§ Exercise brief
Each record here should be printed again exactly; please leave its pictures out.

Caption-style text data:
★ ★ ★ ★ ★

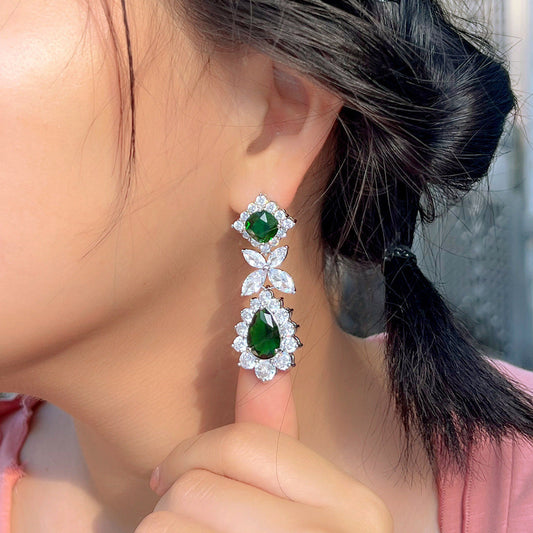 Fashion dazzling zircon earrings heavy-weight water-drop style luxury formal dress accessories emerald gemstone ear ornaments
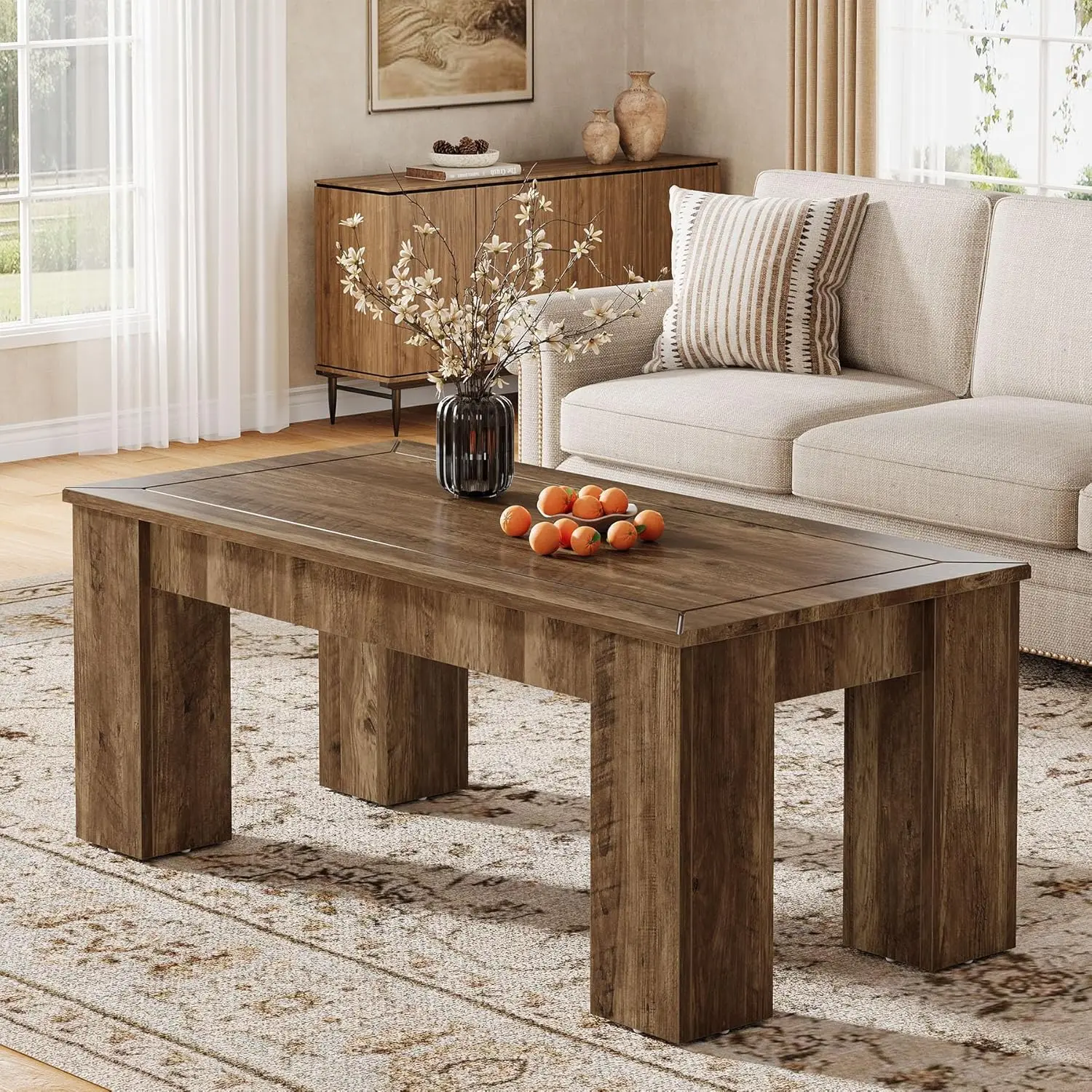 Rectangle Coffee Table for Living Room, 47-Inch Farmhouse Center Cocktail Table with Sturdy Legs, Rustic Brown
Rectangle Coffee Table for Living Room, 47-Inch Farmhouse Center Cocktail Table with Sturdy Legs, Rustic Brown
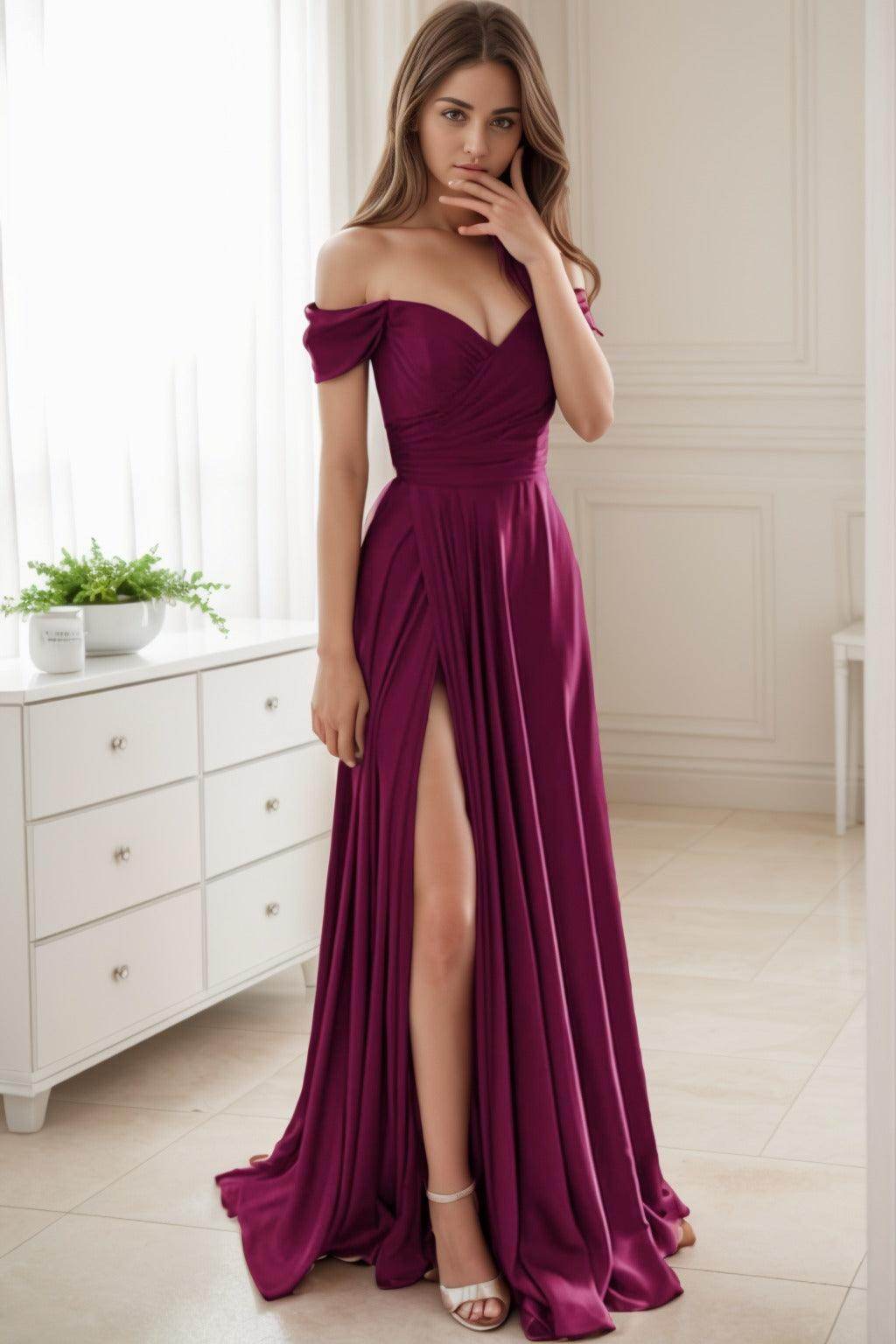 A-Line Sweep-Brush Train Silk-Like Prom Dress CS0432 - COCOMELODY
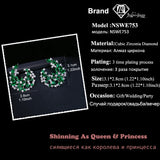 CZ Flower Stud Earring Silver Red Green Party Jewelry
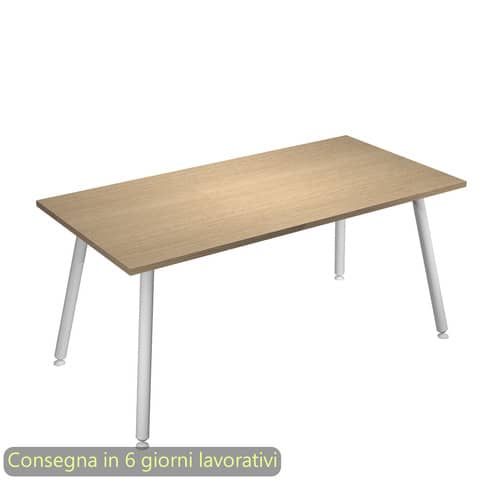 Scrivania piano rovere180x80xH.74,4 cm gamba metallo tubolare bianca linea Skinny Metal Artexport – 6405-DJA-C-AN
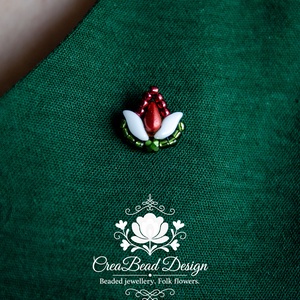 Creabead Design trikolór kitűző (ékszerként is kérhető) - ékszer - kitűző és bross - Meska.hu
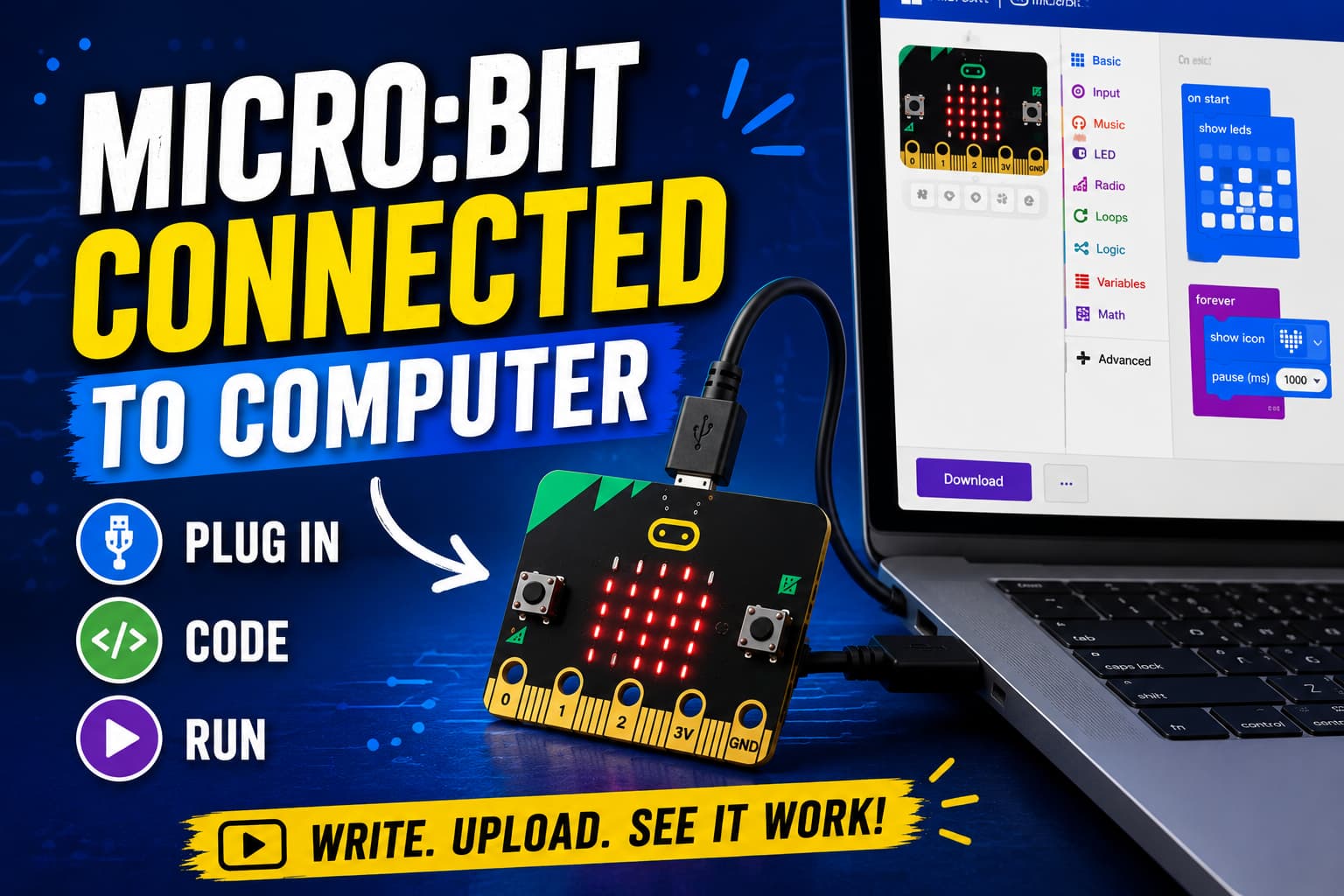 micro:bit connected to the computer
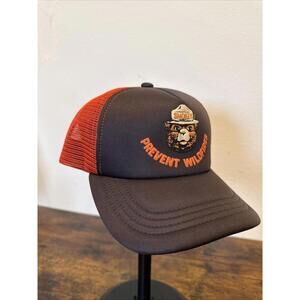 Filson Smokey The Bear Logger Mesh Cap Brown Baseball Hat US Forest Service EUC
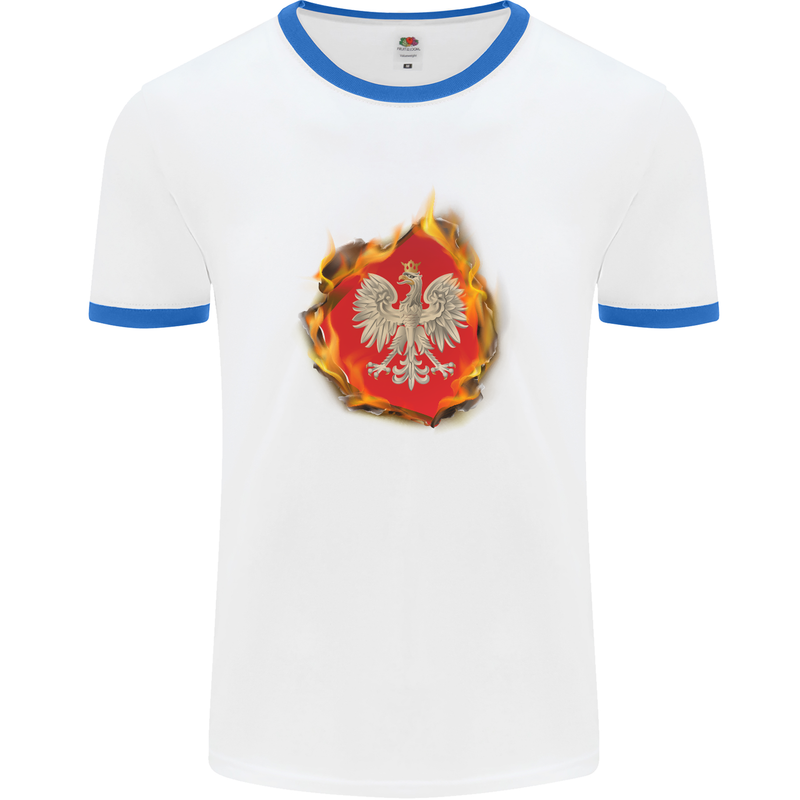 The of Polish Flag Fire Effect Poland Mens White Ringer T-Shirt White/Royal Blue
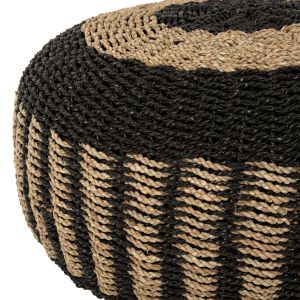 Pouf stool Saroni Hm7851,02 seagrass in natural-black color D60x35cm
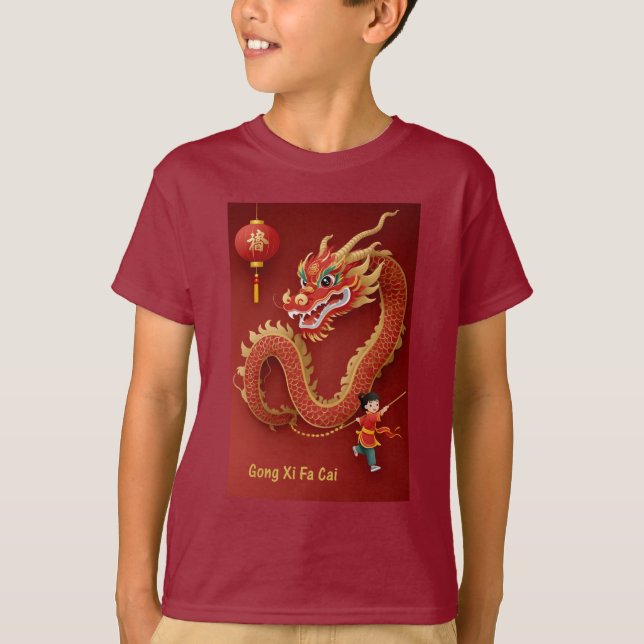 T-shirt Bonne année chinoise 2024 Année du Dragon (Devant)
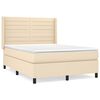 vidaXL Pat continental cu saltea, crem, 140x200 cm, material textil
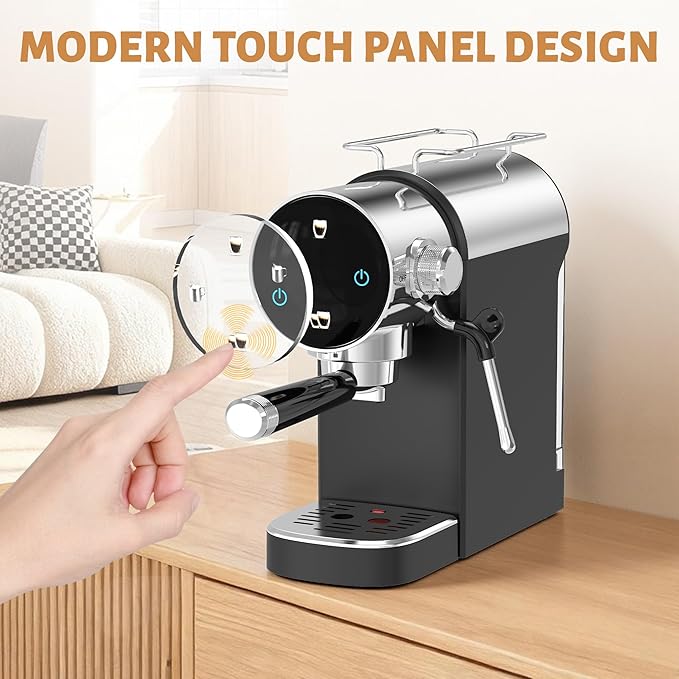 AYCHIRO Espresso Machine 20 Bar, Touchscreen Espresso Coffee Machine with Steamer, Espresso Maker with Milk Frother for Latte & Cappuccino, Removable Water Tank, Black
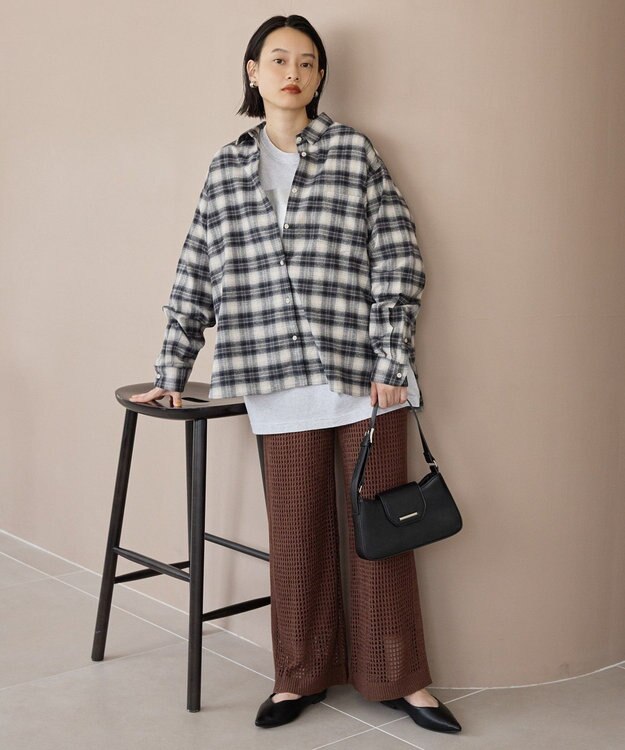 AMERICAN HOLIC ビエラ起毛チェックシャツ Gray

★ ★ ★ ★ ★

§ Exercise response
 Fashion dazzling zircon earrings heavy-weight water-drop style luxury formal dress accessories emerald gemstone ear ornaments
 Rectangle Coffee Table for Living Room, 47-Inch Farmhouse Center Cocktail Table with Sturdy Legs, Rustic Brown
Rectangle Coffee Table for Living Room, 47-Inch Farmhouse Center Cocktail Table with Sturdy Legs, Rustic Brown
 A-Line Sweep-Brush Train Silk-Like Prom Dress CS0432 - COCOMELODY
 CZ Flower Stud Earring Silver Red Green Party Jewelry
 Scrivania piano rovere180x80xH.74,4 cm gamba metallo tubolare bianca linea Skinny Metal Artexport – 6405-DJA-C-AN
 Creabead Design trikolór kitűző (ékszerként is kérhető) - ékszer - kitűző és bross - Meska.hu
 micro:bit connected to the computer
 Filson Smokey The Bear Logger Mesh Cap Brown Baseball Hat US Forest Service EUC
 The of Polish Flag Fire Effect Poland Mens White Ringer T-Shirt White/Royal Blue
 Pouf stool Saroni Hm7851,02 seagrass in natural-black color D60x35cm
 T-shirt Bonne année chinoise 2024 Année du Dragon (Devant)
 vidaXL Pat continental cu saltea, crem, 140x200 cm, material textil
 AYCHIRO Espresso Machine 20 Bar, Touchscreen Espresso Coffee Machine with Steamer, Espresso Maker with Milk Frother for Latte & Cappuccino, Removable Water Tank, Black
 AMERICAN HOLIC ビエラ起毛チェックシャツ Gray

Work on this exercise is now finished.